Beginning with the line that contains "Занятие № 3" in the material below, print each line exactly until the line that contains "補助金具（1個入り）【ウインドエアコン窓枠部品】" has been printed, then stop.
=== Data ===
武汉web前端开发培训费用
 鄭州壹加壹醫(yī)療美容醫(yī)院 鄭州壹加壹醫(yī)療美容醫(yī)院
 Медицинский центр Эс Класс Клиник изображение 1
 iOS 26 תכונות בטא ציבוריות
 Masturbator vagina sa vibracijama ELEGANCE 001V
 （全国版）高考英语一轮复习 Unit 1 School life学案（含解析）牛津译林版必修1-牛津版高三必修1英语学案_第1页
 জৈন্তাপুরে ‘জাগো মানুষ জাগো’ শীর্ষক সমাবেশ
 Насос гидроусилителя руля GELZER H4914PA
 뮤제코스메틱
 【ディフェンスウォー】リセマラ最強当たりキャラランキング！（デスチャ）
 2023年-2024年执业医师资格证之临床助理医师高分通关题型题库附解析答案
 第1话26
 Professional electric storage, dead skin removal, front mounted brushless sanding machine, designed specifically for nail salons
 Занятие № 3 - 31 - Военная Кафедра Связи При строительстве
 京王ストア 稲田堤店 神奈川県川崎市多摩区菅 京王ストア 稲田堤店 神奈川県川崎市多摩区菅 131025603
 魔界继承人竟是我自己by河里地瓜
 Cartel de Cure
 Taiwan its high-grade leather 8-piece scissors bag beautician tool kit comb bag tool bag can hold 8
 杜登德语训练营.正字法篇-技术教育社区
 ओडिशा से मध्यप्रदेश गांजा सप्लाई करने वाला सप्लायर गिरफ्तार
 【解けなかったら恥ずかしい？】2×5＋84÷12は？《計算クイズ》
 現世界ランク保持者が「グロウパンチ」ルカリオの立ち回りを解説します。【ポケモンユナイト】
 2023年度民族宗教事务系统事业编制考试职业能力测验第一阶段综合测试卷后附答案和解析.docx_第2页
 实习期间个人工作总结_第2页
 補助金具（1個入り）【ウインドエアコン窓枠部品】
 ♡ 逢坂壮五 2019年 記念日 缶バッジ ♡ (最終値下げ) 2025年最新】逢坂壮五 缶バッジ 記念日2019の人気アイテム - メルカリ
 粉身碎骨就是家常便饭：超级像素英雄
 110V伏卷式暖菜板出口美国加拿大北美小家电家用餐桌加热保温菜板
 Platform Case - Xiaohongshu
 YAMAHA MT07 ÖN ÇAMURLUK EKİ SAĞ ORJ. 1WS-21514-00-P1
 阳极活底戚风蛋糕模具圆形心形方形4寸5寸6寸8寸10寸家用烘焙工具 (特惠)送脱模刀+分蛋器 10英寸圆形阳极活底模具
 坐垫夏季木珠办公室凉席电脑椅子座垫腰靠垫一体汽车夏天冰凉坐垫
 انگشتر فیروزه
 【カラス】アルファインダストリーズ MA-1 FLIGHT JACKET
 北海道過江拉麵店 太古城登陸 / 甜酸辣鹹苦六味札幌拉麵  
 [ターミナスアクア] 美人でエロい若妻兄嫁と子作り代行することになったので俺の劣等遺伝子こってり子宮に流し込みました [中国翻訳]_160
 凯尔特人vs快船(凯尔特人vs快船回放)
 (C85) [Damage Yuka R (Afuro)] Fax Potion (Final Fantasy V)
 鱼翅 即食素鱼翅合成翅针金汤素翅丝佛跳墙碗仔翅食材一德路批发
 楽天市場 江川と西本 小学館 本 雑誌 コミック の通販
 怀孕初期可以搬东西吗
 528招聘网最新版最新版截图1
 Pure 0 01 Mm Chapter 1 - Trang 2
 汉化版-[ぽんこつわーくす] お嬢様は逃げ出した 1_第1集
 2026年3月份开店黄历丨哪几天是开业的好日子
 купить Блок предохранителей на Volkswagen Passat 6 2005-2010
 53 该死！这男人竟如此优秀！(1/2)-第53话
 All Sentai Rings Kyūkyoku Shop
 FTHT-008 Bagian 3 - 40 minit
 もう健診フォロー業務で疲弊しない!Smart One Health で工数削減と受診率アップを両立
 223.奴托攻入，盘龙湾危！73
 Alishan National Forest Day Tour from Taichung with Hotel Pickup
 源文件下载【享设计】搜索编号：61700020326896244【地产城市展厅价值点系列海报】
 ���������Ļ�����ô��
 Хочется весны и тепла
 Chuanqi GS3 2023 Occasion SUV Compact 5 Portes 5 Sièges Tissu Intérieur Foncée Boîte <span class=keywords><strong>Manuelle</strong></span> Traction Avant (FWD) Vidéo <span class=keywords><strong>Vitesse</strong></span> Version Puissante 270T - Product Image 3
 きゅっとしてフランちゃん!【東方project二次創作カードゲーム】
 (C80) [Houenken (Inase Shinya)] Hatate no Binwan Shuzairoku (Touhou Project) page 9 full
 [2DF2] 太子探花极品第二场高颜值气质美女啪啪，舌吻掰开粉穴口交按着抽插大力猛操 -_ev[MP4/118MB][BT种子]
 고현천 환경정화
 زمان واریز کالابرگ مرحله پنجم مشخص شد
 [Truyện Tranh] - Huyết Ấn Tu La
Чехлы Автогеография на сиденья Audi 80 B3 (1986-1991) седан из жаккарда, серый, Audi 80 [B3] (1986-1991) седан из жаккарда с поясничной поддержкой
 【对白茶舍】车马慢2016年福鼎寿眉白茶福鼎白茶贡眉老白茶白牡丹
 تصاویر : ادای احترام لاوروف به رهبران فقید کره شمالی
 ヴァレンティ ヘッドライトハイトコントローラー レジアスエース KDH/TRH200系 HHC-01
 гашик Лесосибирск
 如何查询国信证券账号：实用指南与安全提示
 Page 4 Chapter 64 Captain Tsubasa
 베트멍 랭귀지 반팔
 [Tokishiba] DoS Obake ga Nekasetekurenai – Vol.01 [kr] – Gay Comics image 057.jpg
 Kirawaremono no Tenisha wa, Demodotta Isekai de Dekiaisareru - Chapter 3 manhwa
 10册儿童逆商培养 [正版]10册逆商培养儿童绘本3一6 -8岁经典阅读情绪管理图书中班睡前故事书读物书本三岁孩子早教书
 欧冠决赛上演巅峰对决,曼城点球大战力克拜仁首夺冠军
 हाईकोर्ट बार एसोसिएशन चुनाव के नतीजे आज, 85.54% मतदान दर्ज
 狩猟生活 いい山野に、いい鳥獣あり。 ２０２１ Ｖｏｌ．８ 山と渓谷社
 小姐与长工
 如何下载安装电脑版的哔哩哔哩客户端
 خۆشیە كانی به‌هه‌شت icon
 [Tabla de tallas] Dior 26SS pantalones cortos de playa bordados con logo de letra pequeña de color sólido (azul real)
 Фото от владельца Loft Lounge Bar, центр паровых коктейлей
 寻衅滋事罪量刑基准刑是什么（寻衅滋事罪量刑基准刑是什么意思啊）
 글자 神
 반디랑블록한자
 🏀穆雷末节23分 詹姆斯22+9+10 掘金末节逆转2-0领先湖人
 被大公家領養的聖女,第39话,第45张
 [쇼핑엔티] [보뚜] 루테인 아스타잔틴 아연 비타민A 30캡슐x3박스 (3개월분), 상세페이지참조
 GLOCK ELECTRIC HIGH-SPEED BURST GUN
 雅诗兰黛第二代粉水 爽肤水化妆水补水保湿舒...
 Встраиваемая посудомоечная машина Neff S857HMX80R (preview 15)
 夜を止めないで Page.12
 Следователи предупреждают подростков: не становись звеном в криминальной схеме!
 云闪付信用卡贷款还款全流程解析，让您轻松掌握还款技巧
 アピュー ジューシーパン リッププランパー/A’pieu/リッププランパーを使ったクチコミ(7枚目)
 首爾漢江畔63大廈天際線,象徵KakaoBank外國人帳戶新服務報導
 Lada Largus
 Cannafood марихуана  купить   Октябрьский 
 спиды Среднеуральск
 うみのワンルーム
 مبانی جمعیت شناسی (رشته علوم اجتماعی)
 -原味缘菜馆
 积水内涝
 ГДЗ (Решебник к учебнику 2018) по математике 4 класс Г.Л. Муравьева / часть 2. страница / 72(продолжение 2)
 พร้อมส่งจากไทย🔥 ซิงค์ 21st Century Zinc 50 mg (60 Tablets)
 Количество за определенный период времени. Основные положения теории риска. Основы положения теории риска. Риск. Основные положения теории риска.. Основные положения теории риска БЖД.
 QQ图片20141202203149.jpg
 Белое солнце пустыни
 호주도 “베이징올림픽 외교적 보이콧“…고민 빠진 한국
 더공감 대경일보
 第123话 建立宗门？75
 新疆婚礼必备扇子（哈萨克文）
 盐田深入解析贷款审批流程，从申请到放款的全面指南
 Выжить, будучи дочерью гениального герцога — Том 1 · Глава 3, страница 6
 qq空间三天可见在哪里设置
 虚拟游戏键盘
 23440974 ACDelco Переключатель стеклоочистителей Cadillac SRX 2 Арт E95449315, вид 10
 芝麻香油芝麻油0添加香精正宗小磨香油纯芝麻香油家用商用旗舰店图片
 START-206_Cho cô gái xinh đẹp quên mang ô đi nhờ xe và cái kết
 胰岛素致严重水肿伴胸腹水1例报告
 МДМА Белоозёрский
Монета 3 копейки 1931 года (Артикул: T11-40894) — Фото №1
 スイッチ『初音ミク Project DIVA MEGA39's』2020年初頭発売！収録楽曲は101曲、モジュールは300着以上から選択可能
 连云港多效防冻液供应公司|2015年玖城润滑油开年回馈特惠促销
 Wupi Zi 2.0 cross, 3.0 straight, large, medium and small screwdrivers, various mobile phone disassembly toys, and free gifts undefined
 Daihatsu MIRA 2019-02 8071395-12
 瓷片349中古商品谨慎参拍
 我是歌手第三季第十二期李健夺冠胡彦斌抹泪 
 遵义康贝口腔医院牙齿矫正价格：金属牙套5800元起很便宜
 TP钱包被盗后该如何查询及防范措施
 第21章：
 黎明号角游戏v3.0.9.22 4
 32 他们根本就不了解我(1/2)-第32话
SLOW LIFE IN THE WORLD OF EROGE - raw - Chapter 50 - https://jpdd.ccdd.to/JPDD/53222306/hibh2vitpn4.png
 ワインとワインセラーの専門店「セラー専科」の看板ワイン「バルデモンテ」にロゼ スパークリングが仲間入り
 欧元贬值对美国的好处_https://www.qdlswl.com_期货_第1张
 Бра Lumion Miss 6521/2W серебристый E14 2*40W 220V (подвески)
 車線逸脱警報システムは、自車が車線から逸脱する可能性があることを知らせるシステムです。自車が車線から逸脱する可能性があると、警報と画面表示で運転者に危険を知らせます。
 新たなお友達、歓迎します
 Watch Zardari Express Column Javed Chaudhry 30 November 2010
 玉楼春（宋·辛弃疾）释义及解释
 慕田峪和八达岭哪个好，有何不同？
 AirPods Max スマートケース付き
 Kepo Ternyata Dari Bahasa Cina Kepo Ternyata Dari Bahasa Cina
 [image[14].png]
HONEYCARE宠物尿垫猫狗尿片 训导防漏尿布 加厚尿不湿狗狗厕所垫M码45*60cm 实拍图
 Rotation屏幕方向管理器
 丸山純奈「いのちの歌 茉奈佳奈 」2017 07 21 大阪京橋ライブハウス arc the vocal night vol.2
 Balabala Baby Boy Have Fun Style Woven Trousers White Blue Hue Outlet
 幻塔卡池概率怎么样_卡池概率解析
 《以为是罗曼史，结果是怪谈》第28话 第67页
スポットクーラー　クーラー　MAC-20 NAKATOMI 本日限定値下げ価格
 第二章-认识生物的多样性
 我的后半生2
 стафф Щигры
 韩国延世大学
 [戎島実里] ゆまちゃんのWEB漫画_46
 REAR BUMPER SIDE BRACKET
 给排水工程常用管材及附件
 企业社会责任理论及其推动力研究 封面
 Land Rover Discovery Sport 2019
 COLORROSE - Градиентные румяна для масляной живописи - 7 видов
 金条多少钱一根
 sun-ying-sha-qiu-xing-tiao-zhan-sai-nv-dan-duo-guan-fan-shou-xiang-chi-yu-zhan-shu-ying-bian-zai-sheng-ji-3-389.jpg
===
→ Solution for this exercise
 Занятие № 3 - 31 - Военная Кафедра Связи При строительстве
 京王ストア 稲田堤店 神奈川県川崎市多摩区菅 京王ストア 稲田堤店 神奈川県川崎市多摩区菅 131025603
 魔界继承人竟是我自己by河里地瓜
 Cartel de Cure
 Taiwan its high-grade leather 8-piece scissors bag beautician tool kit comb bag tool bag can hold 8
 杜登德语训练营.正字法篇-技术教育社区
 ओडिशा से मध्यप्रदेश गांजा सप्लाई करने वाला सप्लायर गिरफ्तार
 【解けなかったら恥ずかしい？】2×5＋84÷12は？《計算クイズ》
 現世界ランク保持者が「グロウパンチ」ルカリオの立ち回りを解説します。【ポケモンユナイト】
 2023年度民族宗教事务系统事业编制考试职业能力测验第一阶段综合测试卷后附答案和解析.docx_第2页
 实习期间个人工作总结_第2页
 補助金具（1個入り）【ウインドエアコン窓枠部品】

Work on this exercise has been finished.